• [Work request] Could you set down exactly the lines in the records below between the line holding "Kapadokya’da Sema Ayini" and the line holding "SOYAL AR-TAGC-SIM Rendszer", inclusive?

╭─ Information shown

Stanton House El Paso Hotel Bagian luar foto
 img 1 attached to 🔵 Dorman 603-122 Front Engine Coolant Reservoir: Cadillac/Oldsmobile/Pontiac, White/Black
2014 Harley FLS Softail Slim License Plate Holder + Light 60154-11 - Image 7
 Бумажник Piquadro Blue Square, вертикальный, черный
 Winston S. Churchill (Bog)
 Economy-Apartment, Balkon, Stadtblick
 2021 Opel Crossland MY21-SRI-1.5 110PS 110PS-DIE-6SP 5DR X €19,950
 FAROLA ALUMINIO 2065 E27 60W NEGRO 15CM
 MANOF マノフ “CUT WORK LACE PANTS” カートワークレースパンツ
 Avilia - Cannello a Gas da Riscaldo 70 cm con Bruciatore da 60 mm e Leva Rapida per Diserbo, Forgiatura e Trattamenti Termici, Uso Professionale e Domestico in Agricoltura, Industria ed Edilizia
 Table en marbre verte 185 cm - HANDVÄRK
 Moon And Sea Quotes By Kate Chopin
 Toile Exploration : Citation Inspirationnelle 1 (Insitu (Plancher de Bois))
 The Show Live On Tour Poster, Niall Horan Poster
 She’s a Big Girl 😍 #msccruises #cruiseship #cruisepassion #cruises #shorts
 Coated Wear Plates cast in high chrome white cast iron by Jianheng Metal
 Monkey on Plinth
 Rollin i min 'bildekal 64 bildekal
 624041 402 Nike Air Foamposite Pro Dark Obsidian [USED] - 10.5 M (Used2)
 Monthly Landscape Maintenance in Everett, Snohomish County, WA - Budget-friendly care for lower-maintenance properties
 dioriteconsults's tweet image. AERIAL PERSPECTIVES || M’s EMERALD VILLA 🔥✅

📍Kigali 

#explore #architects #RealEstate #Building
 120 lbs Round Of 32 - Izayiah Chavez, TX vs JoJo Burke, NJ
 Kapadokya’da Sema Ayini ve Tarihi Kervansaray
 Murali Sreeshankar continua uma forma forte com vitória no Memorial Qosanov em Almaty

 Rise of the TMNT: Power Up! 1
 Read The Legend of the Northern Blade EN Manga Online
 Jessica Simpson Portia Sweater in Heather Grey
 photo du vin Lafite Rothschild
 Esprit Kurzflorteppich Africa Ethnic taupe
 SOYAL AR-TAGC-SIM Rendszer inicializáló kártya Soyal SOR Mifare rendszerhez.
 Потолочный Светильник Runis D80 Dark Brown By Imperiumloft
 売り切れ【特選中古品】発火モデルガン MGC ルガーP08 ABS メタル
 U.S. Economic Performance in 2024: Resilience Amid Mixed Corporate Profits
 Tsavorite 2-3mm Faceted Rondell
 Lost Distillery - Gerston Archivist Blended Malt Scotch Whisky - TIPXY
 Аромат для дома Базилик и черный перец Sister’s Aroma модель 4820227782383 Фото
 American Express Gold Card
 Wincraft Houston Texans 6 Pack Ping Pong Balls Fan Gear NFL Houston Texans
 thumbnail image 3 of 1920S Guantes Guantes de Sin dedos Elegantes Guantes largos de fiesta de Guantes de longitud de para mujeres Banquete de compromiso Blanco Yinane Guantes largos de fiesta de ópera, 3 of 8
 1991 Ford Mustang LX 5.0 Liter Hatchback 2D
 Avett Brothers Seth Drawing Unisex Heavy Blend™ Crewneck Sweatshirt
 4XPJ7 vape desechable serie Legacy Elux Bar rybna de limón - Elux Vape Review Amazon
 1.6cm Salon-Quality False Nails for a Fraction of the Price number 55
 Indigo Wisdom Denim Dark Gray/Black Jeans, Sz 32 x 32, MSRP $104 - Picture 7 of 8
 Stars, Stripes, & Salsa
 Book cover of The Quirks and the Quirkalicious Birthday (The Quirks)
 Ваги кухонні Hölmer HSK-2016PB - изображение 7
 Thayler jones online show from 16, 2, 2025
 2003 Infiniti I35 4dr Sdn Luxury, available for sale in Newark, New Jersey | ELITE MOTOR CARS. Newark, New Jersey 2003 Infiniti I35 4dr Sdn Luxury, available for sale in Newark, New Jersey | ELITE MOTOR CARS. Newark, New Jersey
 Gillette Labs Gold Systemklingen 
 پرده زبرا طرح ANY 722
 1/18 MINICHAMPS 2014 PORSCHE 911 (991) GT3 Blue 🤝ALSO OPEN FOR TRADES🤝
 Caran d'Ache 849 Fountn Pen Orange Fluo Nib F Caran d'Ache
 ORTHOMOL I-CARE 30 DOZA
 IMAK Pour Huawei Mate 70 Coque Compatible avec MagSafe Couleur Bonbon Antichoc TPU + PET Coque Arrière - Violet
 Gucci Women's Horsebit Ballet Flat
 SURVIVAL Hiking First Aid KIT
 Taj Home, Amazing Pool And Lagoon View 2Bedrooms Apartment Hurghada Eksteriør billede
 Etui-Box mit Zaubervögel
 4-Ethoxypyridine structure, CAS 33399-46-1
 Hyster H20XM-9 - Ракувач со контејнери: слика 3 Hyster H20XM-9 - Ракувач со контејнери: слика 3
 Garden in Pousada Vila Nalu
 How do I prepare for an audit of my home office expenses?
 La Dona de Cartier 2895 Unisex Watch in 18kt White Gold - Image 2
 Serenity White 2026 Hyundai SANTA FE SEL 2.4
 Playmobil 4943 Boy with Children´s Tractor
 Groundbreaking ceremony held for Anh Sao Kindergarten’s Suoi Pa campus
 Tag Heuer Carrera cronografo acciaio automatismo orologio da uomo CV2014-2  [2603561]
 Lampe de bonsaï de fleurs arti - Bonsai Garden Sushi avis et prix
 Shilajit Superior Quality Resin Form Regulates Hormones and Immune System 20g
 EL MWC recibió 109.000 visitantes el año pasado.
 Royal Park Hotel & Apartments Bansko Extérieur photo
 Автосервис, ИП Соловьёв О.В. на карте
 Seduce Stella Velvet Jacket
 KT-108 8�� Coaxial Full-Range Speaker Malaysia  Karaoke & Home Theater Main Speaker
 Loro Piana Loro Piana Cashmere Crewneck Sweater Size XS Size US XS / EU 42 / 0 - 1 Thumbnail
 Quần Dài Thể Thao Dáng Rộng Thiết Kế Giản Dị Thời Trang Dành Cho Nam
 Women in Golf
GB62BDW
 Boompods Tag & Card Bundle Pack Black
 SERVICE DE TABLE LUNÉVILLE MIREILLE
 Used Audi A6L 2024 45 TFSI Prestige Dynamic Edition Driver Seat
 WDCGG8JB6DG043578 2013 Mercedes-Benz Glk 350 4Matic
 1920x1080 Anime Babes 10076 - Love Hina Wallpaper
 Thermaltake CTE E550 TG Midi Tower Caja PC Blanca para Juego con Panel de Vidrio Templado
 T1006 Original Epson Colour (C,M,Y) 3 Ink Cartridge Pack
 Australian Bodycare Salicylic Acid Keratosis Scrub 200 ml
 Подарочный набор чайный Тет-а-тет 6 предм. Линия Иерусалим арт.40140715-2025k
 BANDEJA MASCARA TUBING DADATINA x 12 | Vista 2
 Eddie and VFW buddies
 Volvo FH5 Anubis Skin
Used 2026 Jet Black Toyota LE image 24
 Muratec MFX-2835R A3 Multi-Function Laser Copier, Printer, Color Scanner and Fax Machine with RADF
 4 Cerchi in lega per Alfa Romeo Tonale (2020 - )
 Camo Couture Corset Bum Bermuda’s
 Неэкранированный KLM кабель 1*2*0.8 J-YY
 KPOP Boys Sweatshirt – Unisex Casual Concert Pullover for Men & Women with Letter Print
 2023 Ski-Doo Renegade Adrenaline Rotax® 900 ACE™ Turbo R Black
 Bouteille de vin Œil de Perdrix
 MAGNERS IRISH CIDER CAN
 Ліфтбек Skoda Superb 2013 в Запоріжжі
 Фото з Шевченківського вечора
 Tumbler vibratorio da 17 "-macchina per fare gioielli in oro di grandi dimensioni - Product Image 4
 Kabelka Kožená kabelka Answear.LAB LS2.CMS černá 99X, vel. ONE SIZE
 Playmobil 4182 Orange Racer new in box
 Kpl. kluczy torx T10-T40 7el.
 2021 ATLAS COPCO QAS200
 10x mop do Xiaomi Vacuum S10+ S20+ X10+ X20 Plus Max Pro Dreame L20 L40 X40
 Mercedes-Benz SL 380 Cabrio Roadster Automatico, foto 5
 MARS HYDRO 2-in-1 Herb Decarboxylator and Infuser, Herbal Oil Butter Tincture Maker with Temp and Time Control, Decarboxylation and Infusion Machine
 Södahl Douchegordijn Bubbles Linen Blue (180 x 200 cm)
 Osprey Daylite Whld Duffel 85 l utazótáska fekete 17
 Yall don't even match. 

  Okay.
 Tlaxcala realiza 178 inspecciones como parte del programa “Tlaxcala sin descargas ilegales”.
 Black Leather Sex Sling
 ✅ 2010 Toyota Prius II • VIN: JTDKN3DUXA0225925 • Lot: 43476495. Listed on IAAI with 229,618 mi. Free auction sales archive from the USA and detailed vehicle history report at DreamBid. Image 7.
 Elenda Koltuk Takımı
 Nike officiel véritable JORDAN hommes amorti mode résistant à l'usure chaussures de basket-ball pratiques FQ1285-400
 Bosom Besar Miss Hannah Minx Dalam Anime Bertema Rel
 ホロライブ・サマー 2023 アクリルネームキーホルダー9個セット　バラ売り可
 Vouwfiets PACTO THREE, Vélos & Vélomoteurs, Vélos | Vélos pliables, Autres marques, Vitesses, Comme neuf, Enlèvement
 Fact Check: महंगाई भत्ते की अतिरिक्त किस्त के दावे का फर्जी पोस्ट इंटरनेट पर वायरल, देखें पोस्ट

╰─

• [Solution to this task]
 Kapadokya’da Sema Ayini ve Tarihi Kervansaray
 Murali Sreeshankar continua uma forma forte com vitória no Memorial Qosanov em Almaty

 Rise of the TMNT: Power Up! 1
 Read The Legend of the Northern Blade EN Manga Online
 Jessica Simpson Portia Sweater in Heather Grey
 photo du vin Lafite Rothschild
 Esprit Kurzflorteppich Africa Ethnic taupe
 SOYAL AR-TAGC-SIM Rendszer inicializáló kártya Soyal SOR Mifare rendszerhez.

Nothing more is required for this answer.